Na uwagę zasługuje sposób ujęcia świata przedstawionego powieści. Autorka tworzy jakby sceny rodzajowe. Wykorzystuje plastyczne, niemal malarskie środki przekazu. Wprawnie operuje światłem i cieniem. Umiejętnie buduje nastrój. Jak prawdziwy reżyser aranżuje przestrzeń, która staje się otwarta dla czytelnika.
Powieść kreuje świat pełen niesamowitości, wierzeń, zabobonów. Nad wszystkim unosi się łuna pożarów i zapach ziół. W małej osadzie spotykają się dwa światy. Mieszkańców poznajemy w chwili, gdy zarządcą zostaje Baltazar von Lest. Przybywa do majątku na prośbę swojego kuzyna. Niby na chwilę...
Na skraju lasu, w małej chałupie z kominem mieszka zielarka Wiga, która po tajemniczym zniknięciu swojej córki, opiekuje się sobótkową wnuczką Rozalką. Doświadczenia, które spotykają mieszkańców wsi, wyznaczają zmiany w ich światopoglądzie i zachowaniu. Wiga- znachorka wołana do chorych- stopniowo wyrzucana jest poza nawias. Staje się we wsi persona non grata. Pociąga to za sobą szereg wydarzeń i liczne zwroty akcji. Interesujący jest wątek dojrzałej miłości, w której spotykają się kobieta po przejściach i mężczyzna z przeszłością.
Styl pisania jest adekwatny do tematyki i stworzonego świata przedstawionego. Narracja prowadzona jest w trzeciej osobie, narrator jest wszechobecny, ma wgląd we wszystkie dziedziny życia bohaterów. Słownictwo jest barwne i bogate, doskonale oddaje klimat danej sceny i uczucia postaci.
Pisarka, za pomocą językowych środków wyrazu, potrafi wydobyć niepowtarzalną aurę obrazu.
Autorka, wykorzystując konwencję powieści obyczajowej z szeroko rozwiniętym tłem historycznym, porusza niezwykle ważne dla funkcjonowania społeczności wiejskiej problemy. Ukazuje motyw odmieńca, człowieka, który z wielu względów nie pasuje do pozostałych; zaskakuje nie tylko swym specyficznym wyglądem, ale i niekonwencjonalnym postępowaniem. Przedstawia też temat przyjaźni, która jest bardzo wymagająca i nie rzadko wystawiona na próbę. Akcentuje również trudne życie rolników, uzależnionych od kaprysów przyrody i nękanych wyniszczającymi wojnami. Interesujący jest wątek bohatera owianego tajemnicą, bo niektóre postaci charakteryzowane są właśnie przez szereg domysłów, niedomówień i wieloznaczności.

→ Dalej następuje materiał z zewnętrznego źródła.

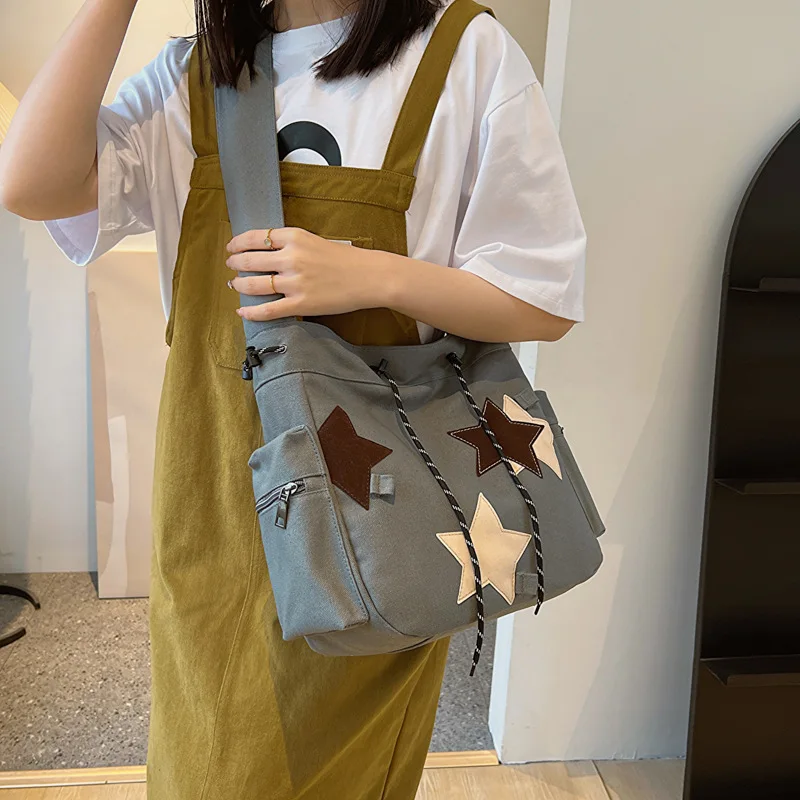 

Horizontal square shoulder backpack collision color five-pointed star large capacity hand strap strap strap canvas bag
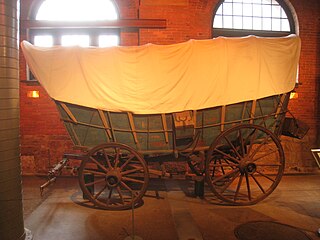 A Conestoga wagon, a type of freight wagon used extensively in the United States and Canada in the 18th and 19th centuries for long-distance hauling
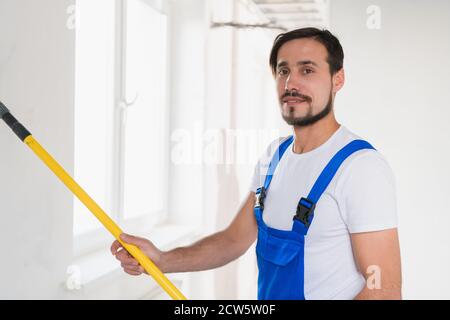 Colpo medio, operaio di costruzione in abiti da lavoro blu dipinge muro in appartamento Foto Stock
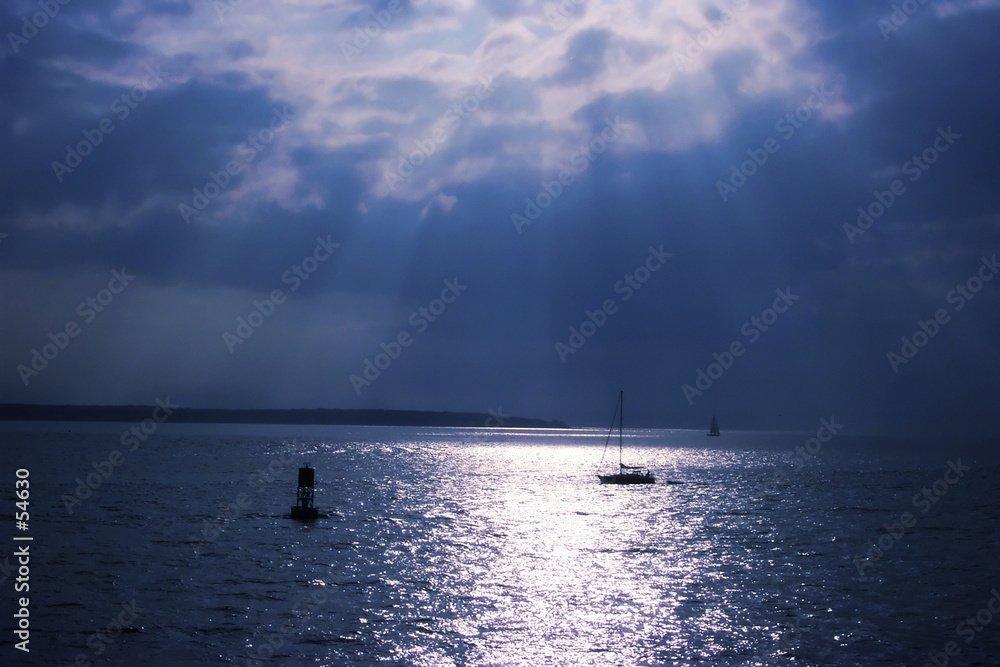 light rays over water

W klimatycznej powieści pisarka zawarła szereg zagadnień obyczajowych. Dotknęła czułych strun ludzkiej natury. Ukazała paradoks samotnego życia wśród ludzi. W sposób dość zaskakujący zrealizowała założenia ludowego poczucia sprawiedliwości, że nie ma winy bez kary. Powieść zasługuje na uwagę, bowiem w barwny i nietuzinkowy sposób ukazuje życie prostych ludzi na tle ważnych wydarzeń historycznych.